● **DIRECTIONS FOR THIS TASK**
Within the data that follows, tally every line containing "Glass". Provide only the tally.

━━ RECORDS PROVIDED

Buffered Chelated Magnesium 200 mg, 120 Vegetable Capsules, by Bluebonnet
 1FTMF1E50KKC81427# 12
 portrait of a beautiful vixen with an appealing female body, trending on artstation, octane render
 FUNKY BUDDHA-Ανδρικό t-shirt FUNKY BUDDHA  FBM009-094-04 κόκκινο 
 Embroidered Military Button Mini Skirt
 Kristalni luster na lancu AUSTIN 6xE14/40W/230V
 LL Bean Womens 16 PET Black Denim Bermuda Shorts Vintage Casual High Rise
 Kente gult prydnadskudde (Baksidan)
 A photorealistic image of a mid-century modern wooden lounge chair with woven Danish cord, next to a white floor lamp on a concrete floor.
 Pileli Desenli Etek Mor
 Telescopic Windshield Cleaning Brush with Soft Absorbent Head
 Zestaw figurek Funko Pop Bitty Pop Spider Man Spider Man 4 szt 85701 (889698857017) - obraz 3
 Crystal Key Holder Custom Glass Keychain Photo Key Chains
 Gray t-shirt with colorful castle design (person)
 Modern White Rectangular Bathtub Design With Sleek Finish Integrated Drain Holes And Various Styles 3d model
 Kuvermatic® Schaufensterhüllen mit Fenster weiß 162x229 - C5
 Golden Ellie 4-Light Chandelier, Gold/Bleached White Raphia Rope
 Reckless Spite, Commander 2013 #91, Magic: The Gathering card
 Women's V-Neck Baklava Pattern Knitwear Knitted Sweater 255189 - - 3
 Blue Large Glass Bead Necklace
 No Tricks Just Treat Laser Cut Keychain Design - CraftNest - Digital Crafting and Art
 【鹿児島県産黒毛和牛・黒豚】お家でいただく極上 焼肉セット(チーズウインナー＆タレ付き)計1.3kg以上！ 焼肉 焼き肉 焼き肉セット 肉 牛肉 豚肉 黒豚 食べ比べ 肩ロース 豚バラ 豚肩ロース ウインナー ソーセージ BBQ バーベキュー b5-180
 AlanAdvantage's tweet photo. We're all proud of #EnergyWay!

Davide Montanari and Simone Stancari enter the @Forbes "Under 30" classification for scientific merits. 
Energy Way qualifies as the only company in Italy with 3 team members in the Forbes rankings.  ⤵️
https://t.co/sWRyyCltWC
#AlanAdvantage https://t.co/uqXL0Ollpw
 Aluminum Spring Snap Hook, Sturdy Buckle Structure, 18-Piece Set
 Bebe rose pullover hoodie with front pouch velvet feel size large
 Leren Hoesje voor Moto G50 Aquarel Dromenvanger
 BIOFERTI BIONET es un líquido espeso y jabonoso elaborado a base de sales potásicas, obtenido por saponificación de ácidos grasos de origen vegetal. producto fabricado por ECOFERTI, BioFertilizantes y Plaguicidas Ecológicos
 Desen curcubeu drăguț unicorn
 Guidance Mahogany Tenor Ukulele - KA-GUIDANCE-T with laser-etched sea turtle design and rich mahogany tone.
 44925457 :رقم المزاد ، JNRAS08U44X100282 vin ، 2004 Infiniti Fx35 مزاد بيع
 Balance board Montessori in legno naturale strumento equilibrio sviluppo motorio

━━━━

● **COMPLETED TASK**
2